▶ [Work request]
Give each line of the records again exactly and omit every picture.
▬▬▬▬▬▬▬▬▬▬
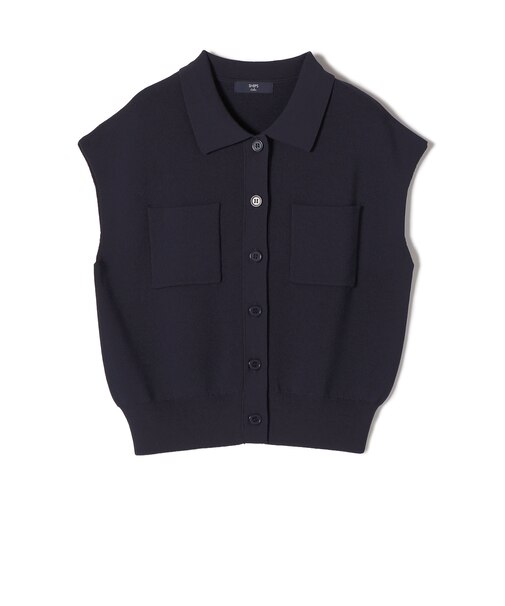 《予約》SHIPS Colors:〈手洗い可能〉ポロ フレンチスリーブ ニット ベスト◆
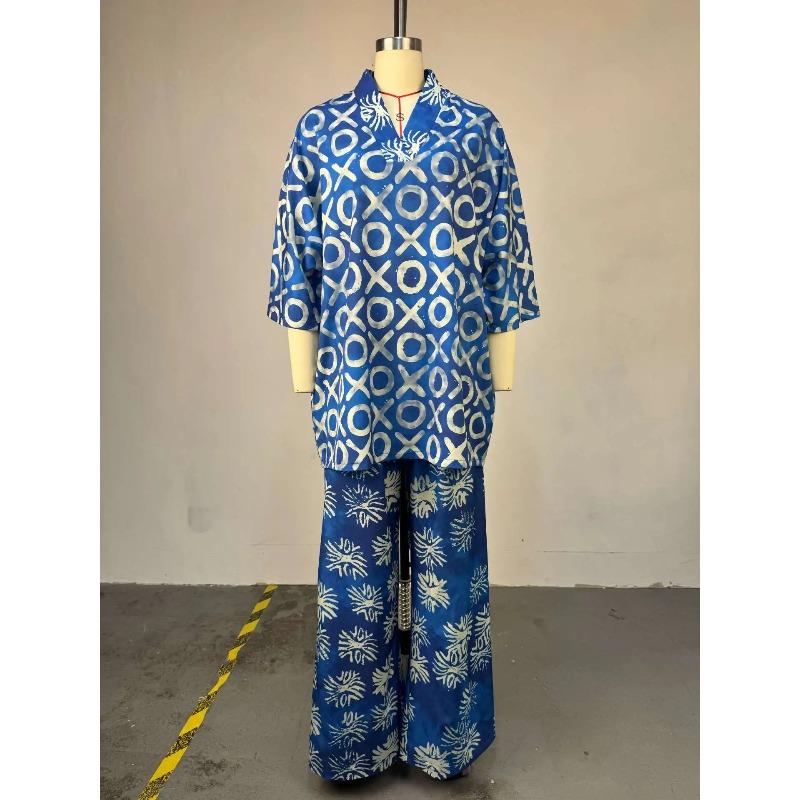 Women Pant Set Two Piece Sets V Neck Bat Sleeve Print Wide Leg Long Pants Casual Loose Elastic Waist Y2k Streetwear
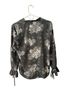 Ann Taylor 100% Polyester Floral Black Gray Long Sleeve Blouse Size S (petite) - photo 2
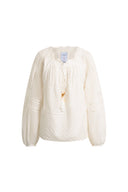 Amaya Puff-Sleeve Long Sleeve Top in Lace
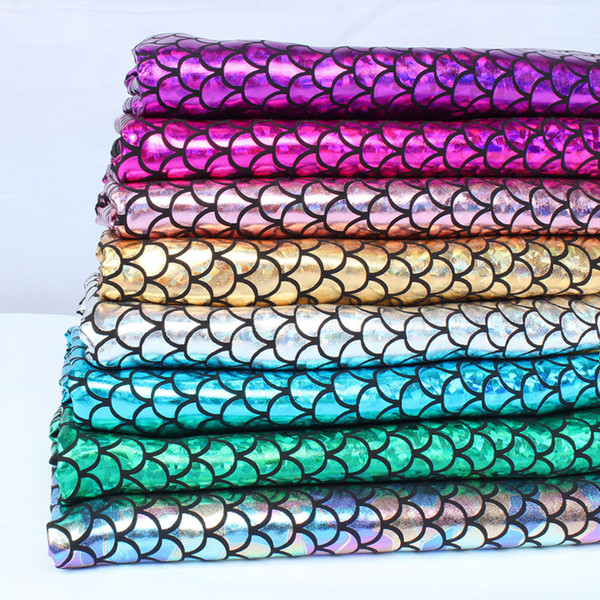 Sparkly Hologram Spandex Mermaid Printed Scale Fabric Stretch fabric Dancer Swimwear - 60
▬▬▬▬▬▬▬▬▬▬
▶ [Reply]
 《予約》SHIPS Colors:〈手洗い可能〉ポロ フレンチスリーブ ニット ベスト◆
 Women Pant Set Two Piece Sets V Neck Bat Sleeve Print Wide Leg Long Pants Casual Loose Elastic Waist Y2k Streetwear
 Ann Taylor 100% Polyester Floral Black Gray Long Sleeve Blouse Size S (petite) - photo 2
 Amaya Puff-Sleeve Long Sleeve Top in Lace
 Sparkly Hologram Spandex Mermaid Printed Scale Fabric Stretch fabric Dancer Swimwear - 60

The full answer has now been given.